What a bunch of bravo sierra.
The President's analysis is expected because it's bereft of historical context (remember, during the campaign he and his friends freely admitted he doesn't read books). Do we need to point out the whole rebellion against authority thing that got this party started, or the civil rights marches, or any other march or protest in our country's history? Are we to assume that the head of the federal government is to deem what is an appropriate protest, or is not antithetical to what real Americans believe? While I find it repellent, the burning of the flag is a protected act, so one would think that kneeling before a non-burned version wouldn't spark presidential calls for boycotts, which he called for a few days later.
To correct the president, "what we stand for" is the protection of the individual against excessive power, or in Trump's case, influence, from state or federal government. This includes individual defiance. It allows us to conduct civil disobedience without fear of loss of life, liberty (barring violation of standing law) or property. American government 101. Granted, defiance may spark public condemnation. But public discussion is far afield from presidential tampering.

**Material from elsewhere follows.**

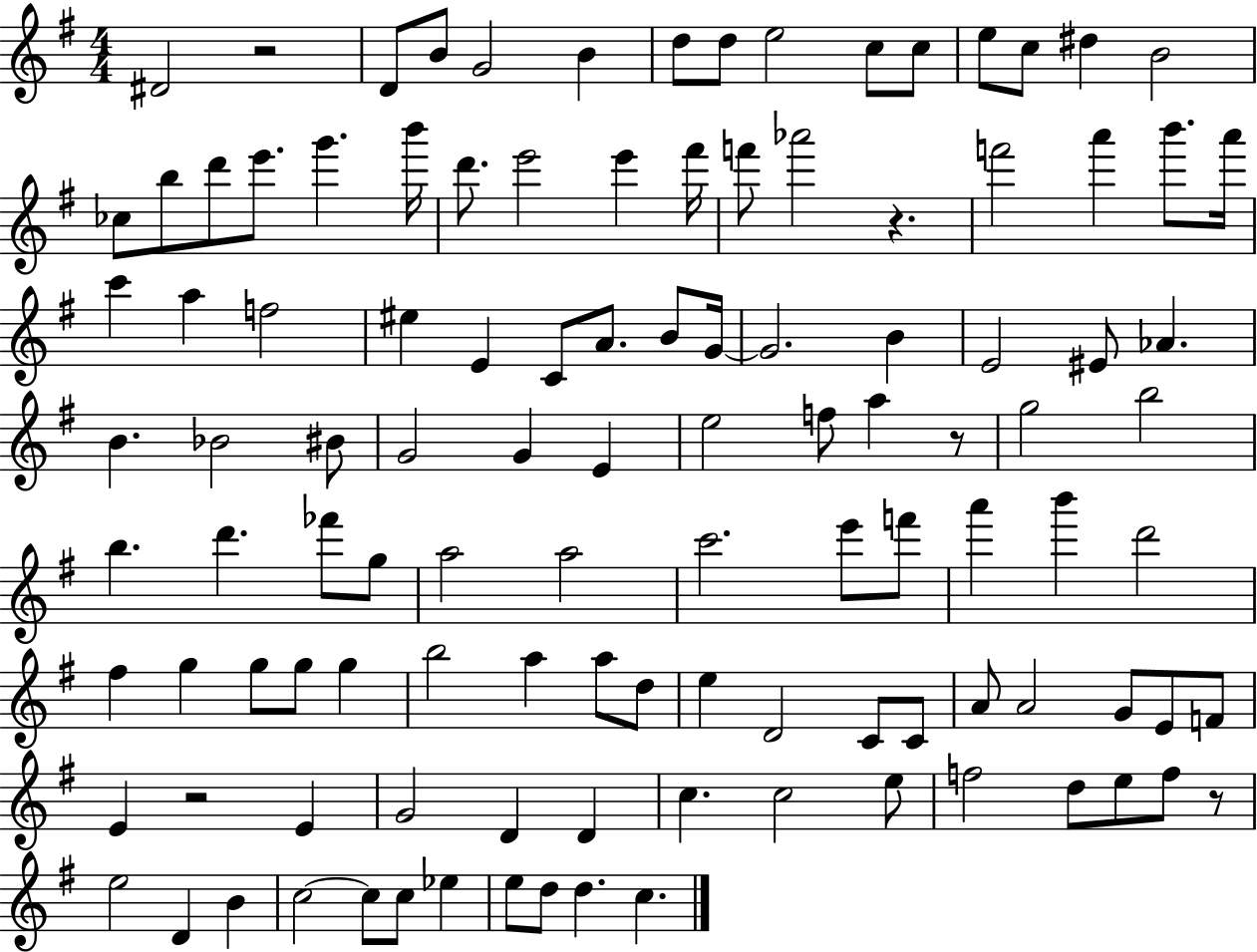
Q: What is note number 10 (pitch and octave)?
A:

Yet where were the small government, so-called conservative pundits and voters during this verbal assault? Evidently, they were watching Trading Places, a movie in which they pretended to be big government, authoritarians. They applauded the president's attacks. They chose to selectively forget Madison's maxim that, "In Republics, the great danger is, that the majority may not sufficiently respect the rights of the minority." Imagine if Obama or Hillary Clinton had waged a verbally-bungled war against a privately-owned company (except for the oil and gas industry, of course), actually calling for employees to be fired. Republicans would have lost their minds, and rightly so. They would have pointed it out as another example of the federal government intervening in private business; the ever-expanding power of the executive branch.
The right response, by any president, would have echoed George Bush's comments following the faux outrage over the Dixie Chicks. He said at the time, "The Dixie Chicks are free to speak their mind. They can say what they want to say … they shouldn't have their feelings hurt just because some people don't want to buy their records when they speak out … Freedom is a two-way street … I don't really care what the Dixie Chicks said. I want to do what I think is right for the American people, and if some singers or Hollywood stars feel like speaking out, that's fine. That's the great thing about America."
From bravo sierra to bravo.
But on this issue, with this president, our old friend Hypocrisy keeps stopping by. It's interesting that my Republican brethren give lip service to free enterprise and markets. Be it healthcare, energy or taxes, they talk the talk of limited government. They are supposed to believe in the power of the market to dictate what is not just a viable, desired product, but one that is approved by society. Further, they should hold sacrosanct that we are all individual political actors, not cogs in a collective. Yet, when it's their guy from their team, and it has to do with the flag? Well, that's red meat, and the lap dogs are hungry. "Fire the players!" "Hold the owners accountable!" Government-issued pitchforks, anyone?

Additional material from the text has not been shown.